• Data for the task:
*** Block opens ***
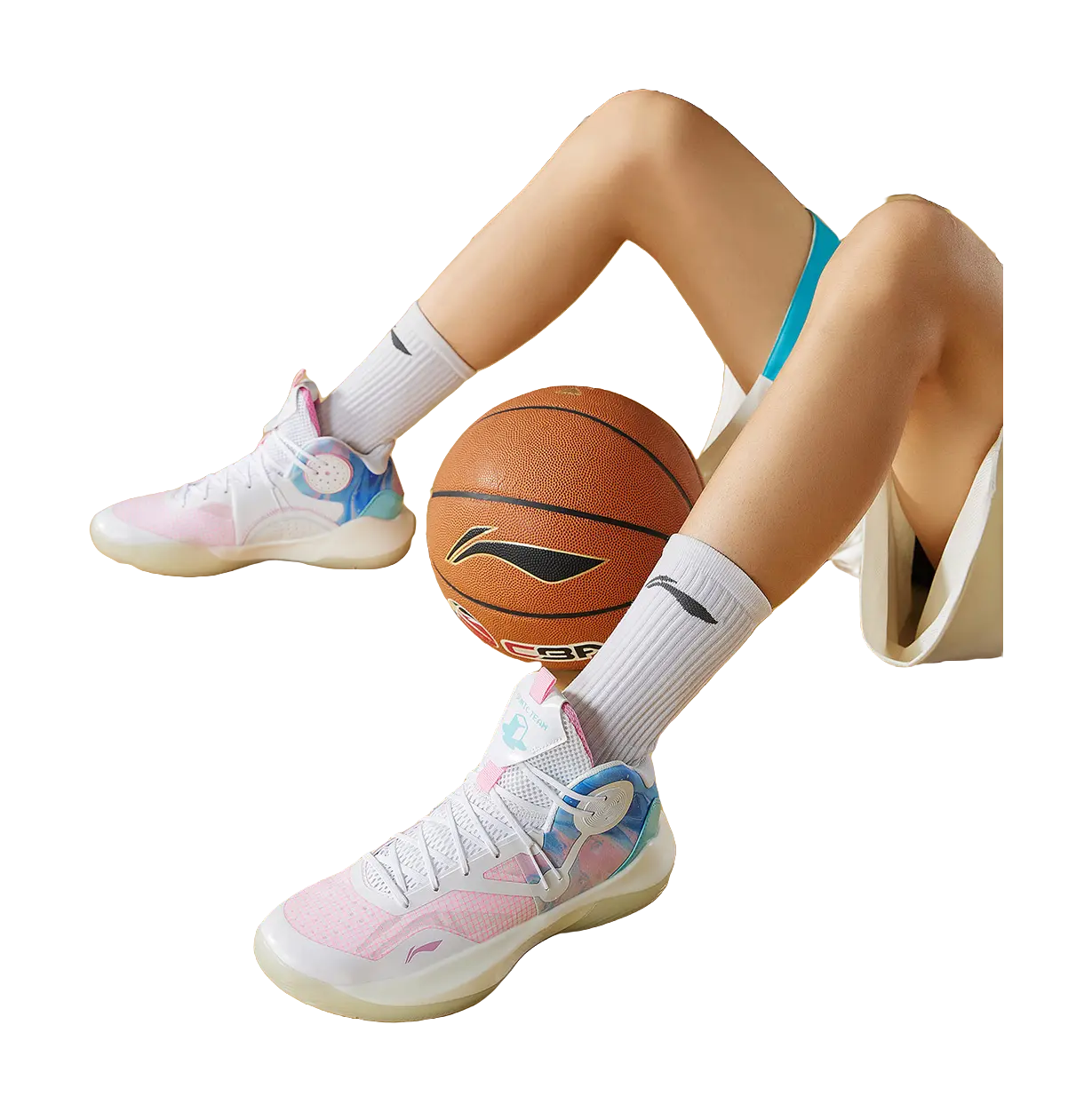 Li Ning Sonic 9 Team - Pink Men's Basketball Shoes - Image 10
*** Block closes ***
*** Block opens ***
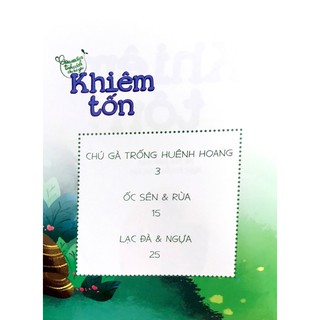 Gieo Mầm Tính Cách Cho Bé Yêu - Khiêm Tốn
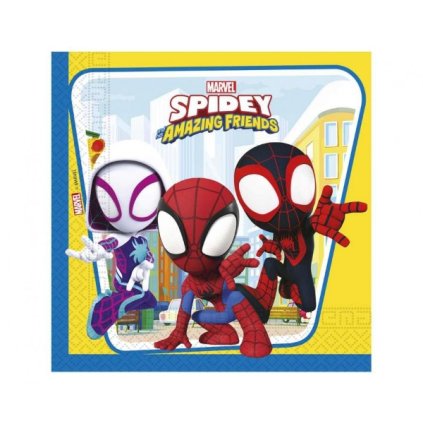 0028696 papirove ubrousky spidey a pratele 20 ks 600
*** Block closes ***
• Task brief: Among the entries above, copy exactly the stretch from the line holding "Gieo Mầm Tính Cách Cho Bé Yêu - Khiêm Tốn" through the line holding "0028696 papirove ubrousky", leaving out any pictures.

• Solution to this exercise:
 Gieo Mầm Tính Cách Cho Bé Yêu - Khiêm Tốn
 0028696 papirove ubrousky spidey a pratele 20 ks 600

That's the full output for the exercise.